“The decision to learn a foreign language is to me an act of friendship. It is indeed a holding out of the hand. It’s not just a route to negotiation. It’s also to get to know you better, to draw closer to you and your culture, your social manners and your way of thinking.” The words of John Le Carré, the celebrated author who passed away this week, show just how powerful language learning can be. In an article outlining why we should learn German, he highlights the importance of learning and teaching foreign languages as a way to get to know other cultures and understand other ways of life. I have always been fascinated by the way languages reflect different perceptions of the world: there are close to fifty different words for snow in the Inuit language, for instance, to reflect its importance in their society. Closer to home, there is no real translation of ‘cosy’ in French but also no proper word for ‘gourmand’ in English, providing a glimpse of what is important to these two nations.

Learning a language is not easy and progress is not always linear so it can at times be disheartening. But when we hear tourists speaking in that language and understand what they are saying or when we are able to conduct a simple transaction or an entire conversation, however riddled with mistakes it might be, it all becomes worth it and the feeling of satisfaction is immense. The skills involved in language learning are ones that open many doors: team work, analytical and negotiating skills and problem solving strategies, to name but a few. All these are sought after by employers in many fields. As an added bonus, learning a language also improves your memory and can be taken up at any age, with proven benefits in warding off dementia.

The children we teach today at Lambrook are likely to go on to take up jobs that have not yet been invented. However, there is no doubt that knowing another language is and will remain a useful tool on anyone’s belt. MFL teachers can still spot a Google translated homework a mile off, indicating that there remains a need for human touch in language learning. There is no saying where the journey that starts in the pre-prep will take our pupils. It may be a school exchange trip and long-lasting friendships, a GCSE grade, some memorable holidays abroad, a university degree or the key to a career. For me, certainly, language learning was truly life-changing, leading to two fabulous years abroad, to teaching in institutions such as the Sorbonne, Cambridge University and Eton College (and now Lambrook!) and to forming a bilingual family. As MFL teachers, we certainly hope that this is just the start, that our pupils will keep up with French or go on to learn other languages at some point in their lives, that we have kindled a flame which will never quite go out.
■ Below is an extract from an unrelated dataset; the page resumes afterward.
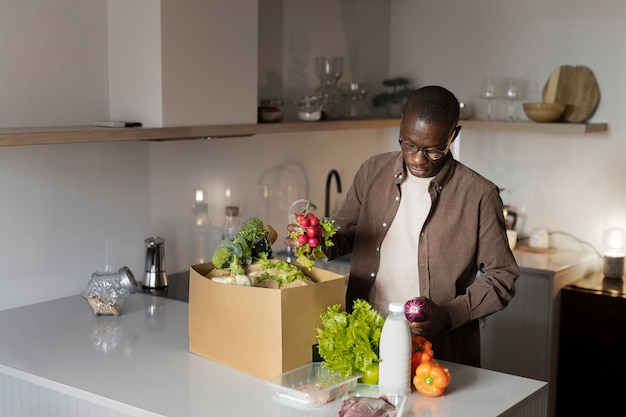 写真 自宅で食料品を開梱するミディアムショットの男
Learning another language is much more than just poring over long vocabulary lists and understanding verb conjugations, though these are necessary steps which also often shed light on the workings of our own native language, the one we don’t normally have to think about. Language learning is, particularly for young children, realising that not everyone speaks the same language, which is not a given if one is never exposed to other idioms. I once taught a class of young children, some of whom genuinely thought other languages were just made up funny noises! This understanding is developed naturally during the process of learning a new language and becomes our ability to communicate with people outside of our own culture. To make the effort to learn at least one language other than one’s own is a labour of love and with it comes tolerance, understanding and empathy, qualities which the world will always need.